▸ **What you need to do**
An exact copy of every entry is needed, without the pictures.

====== Records for this task ======

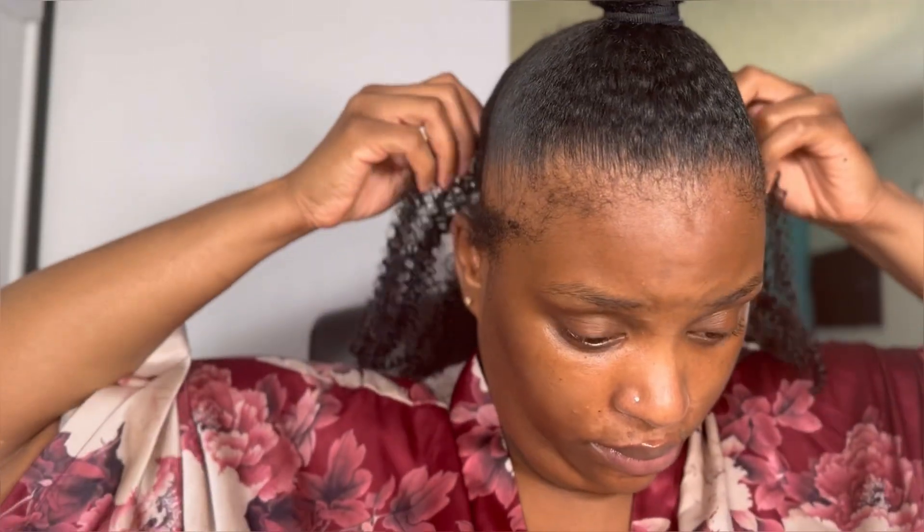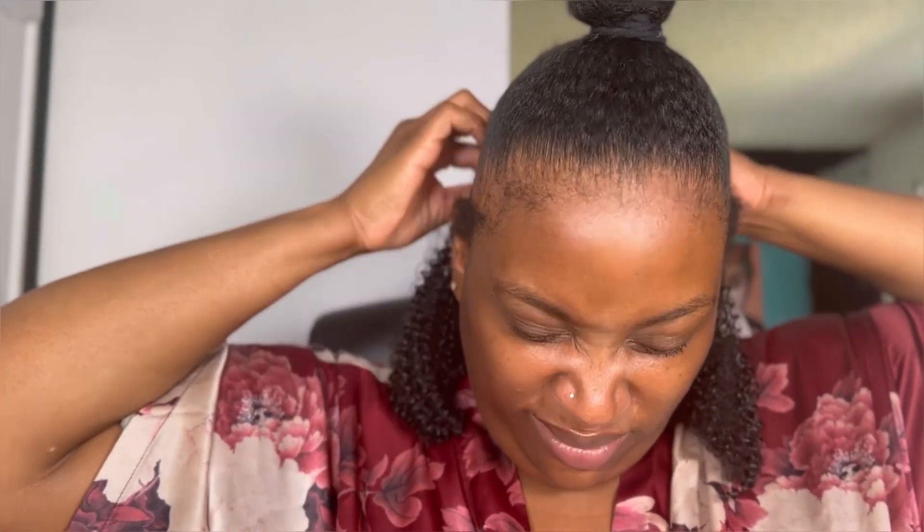I start going in with the 7-inches in the back. I actually saved the 10-inch for the ponytail at the top. First, going in with the 7-inch at the back — slip that down real cute. I'm not going to show y'all the back of my head because it looks tragic. Just trust me, it doesn't have to be perfect — you ain't gonna see it.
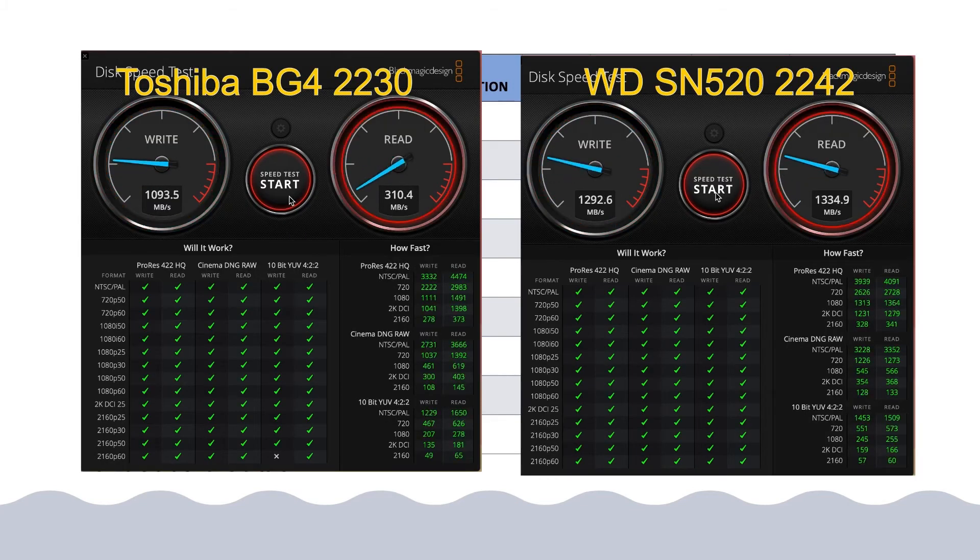The 2030 form factor Toshiba BG3 is something I do not recommend. I have done tests to compare the write performance between the Toshiba BG3 versus the WD SN520, and there is convincing evidence that the Toshiba overheats and throttles after a certain period of continuous writing.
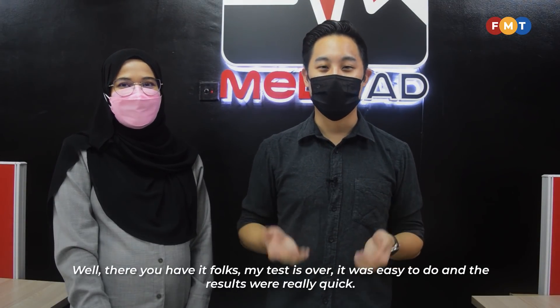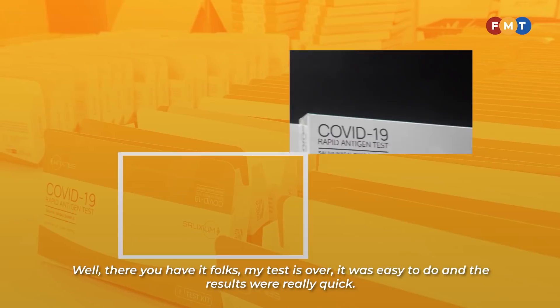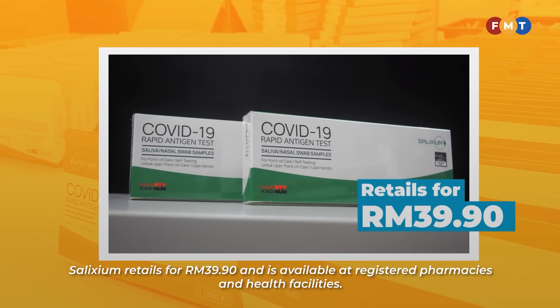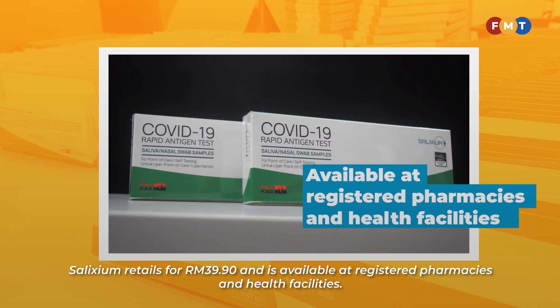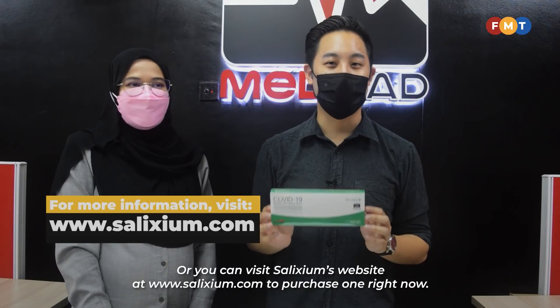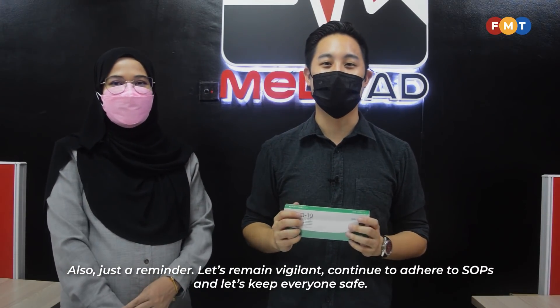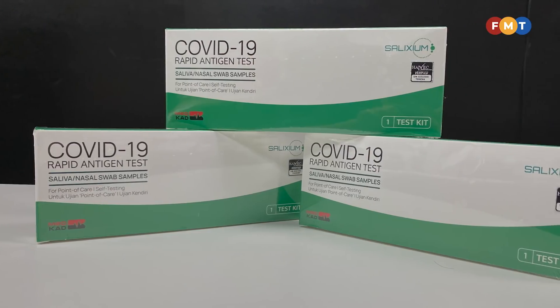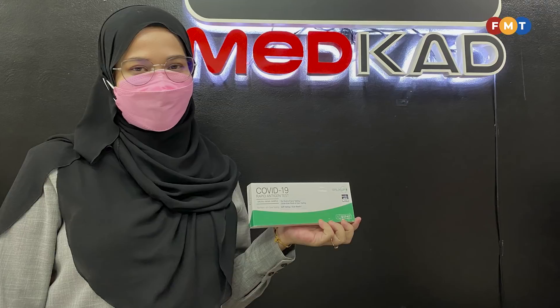Well, there you have it folks. My test is over — it was really easy to do and the results were really quick. Solixium retails for RM39.90 and is available at registered pharmacies and health facilities, or you can visit its website at www.solixium.com to purchase one. Let's remain vigilant, continue to adhere to SOPs, and let's keep everyone safe. Thank you.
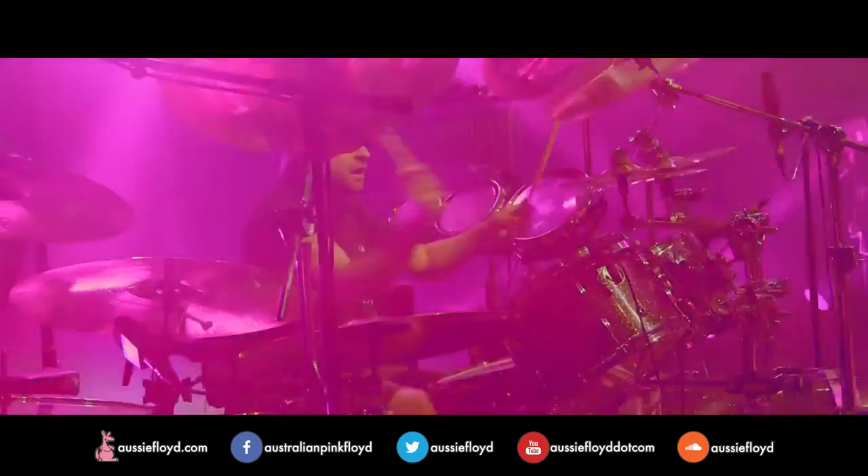I'd never used the D12VR before, but I'll definitely be using it again, because you put it in and it just sounds wicked — powerful, never bottoms out, even when the drummer goes all out on the beat.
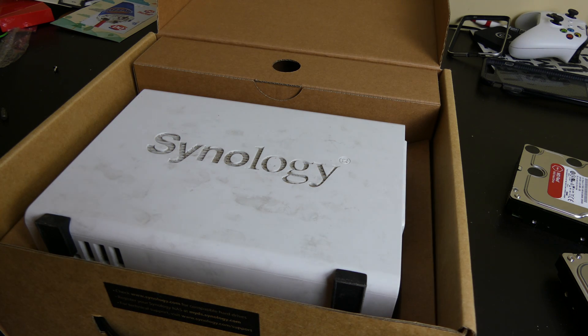The drives are fine — it was just the Synology itself that was failing. But this has been Colin with TechOut. Don't forget to comment, rate, and subscribe down below. If you have any questions, just ask them in the comments and I'll get back to you as soon as possible.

======

▸ **Task response**
I start going in with the 7-inches in the back. I actually saved the 10-inch for the ponytail at the top. First, going in with the 7-inch at the back — slip that down real cute. I'm not going to show y'all the back of my head because it looks tragic. Just trust me, it doesn't have to be perfect — you ain't gonna see it.
The 2030 form factor Toshiba BG3 is something I do not recommend. I have done tests to compare the write performance between the Toshiba BG3 versus the WD SN520, and there is convincing evidence that the Toshiba overheats and throttles after a certain period of continuous writing.
Well, there you have it folks. My test is over — it was really easy to do and the results were really quick. Solixium retails for RM39.90 and is available at registered pharmacies and health facilities, or you can visit its website at www.solixium.com to purchase one. Let's remain vigilant, continue to adhere to SOPs, and let's keep everyone safe. Thank you.
I'd never used the D12VR before, but I'll definitely be using it again, because you put it in and it just sounds wicked — powerful, never bottoms out, even when the drummer goes all out on the beat.
The drives are fine — it was just the Synology itself that was failing. But this has been Colin with TechOut. Don't forget to comment, rate, and subscribe down below. If you have any questions, just ask them in the comments and I'll get back to you as soon as possible.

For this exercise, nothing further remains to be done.